One user in Teaticket reported that the boom shook the user’s car, while others reported rattling windows and ground vibrations.
People from all over Falmouth and beyond—Main Street downtown, Teaticket, Hatchville, Sippewissett, Sandwich, Mashpee, Martha’s Vineyard and Wareham—chimed in to report that they, too, had heard and felt the boom.
A user who had been out walking in East Falmouth at the time of the boom reported that the sound seemed to come from over the water and that it occurred after a low-flying plane came through the area.
At least six other commenters mentioned seeing a low-flying plane and many suspected it had something to do with Joint Base Cape Cod. Although nothing has been confirmed, one user, who reported living nearby, said that the base was allegedly running takeoff and landing exercises.

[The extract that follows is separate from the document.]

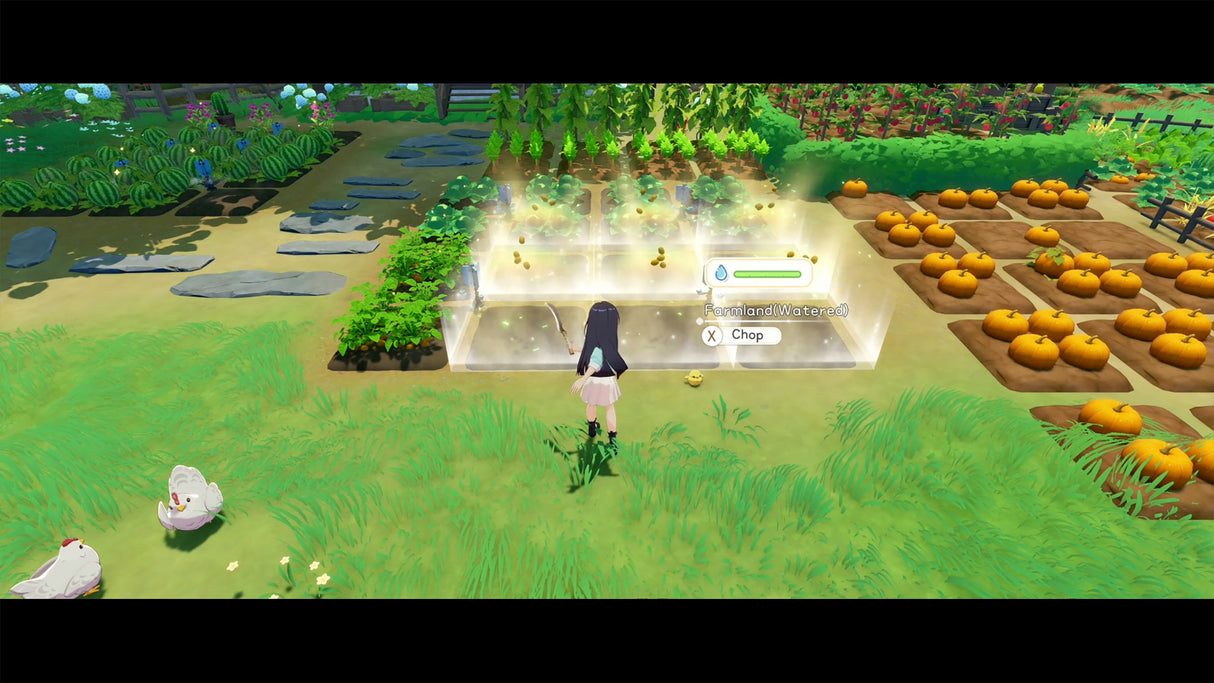 Starsand Island (PS5)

If not a sonic boom from an aircraft, others speculated that the sound could be attributed to an earthquake. Some people reported feeling ground vibrations, and there were a few references to a report of an unconfirmed earthquake in the area on a website called Volcano Discovery, a German-based web portal that reports on earthquake and volcano events in real time. The online report is unconfirmed by experts, but has 88 user reports that describe weak to moderate shaking.
A spokesman from the National Earthquake Information Center, part of the US Geological Survey, told the Enterprise that its analysts reviewed their material for the time and location in question and did not find anything they could call an earthquake.
“That doesn’t mean you haven’t had [an earthquake],” he said. “It’s just if you have, it’s so small that we really are not seeing it.”
The spokesman also suggested that it may not have been an earthquake, as sonic booms are a possibility in the New England area.
A few other reports suggested that the sound might have been the result of a meteor entering Earth’s atmosphere, with two different sources being referenced. One user shared a link to a website called EarthSky, which reported the discovery of an asteroid that impacted the atmosphere just two hours after its discovery. The article reported, however, that the asteroid entered the atmosphere somewhere north of Iceland.
Another Facebook user shared a link to an article referencing a similar event of another boom that was heard in the southern New Hampshire area that occurred on Saturday, March 12.
This is not the first time a mysterious boom has rattled Massachusetts residents; two very similar events occurred in October and November 2021, which left residents and authorities with plenty of theories but very few confirmed details.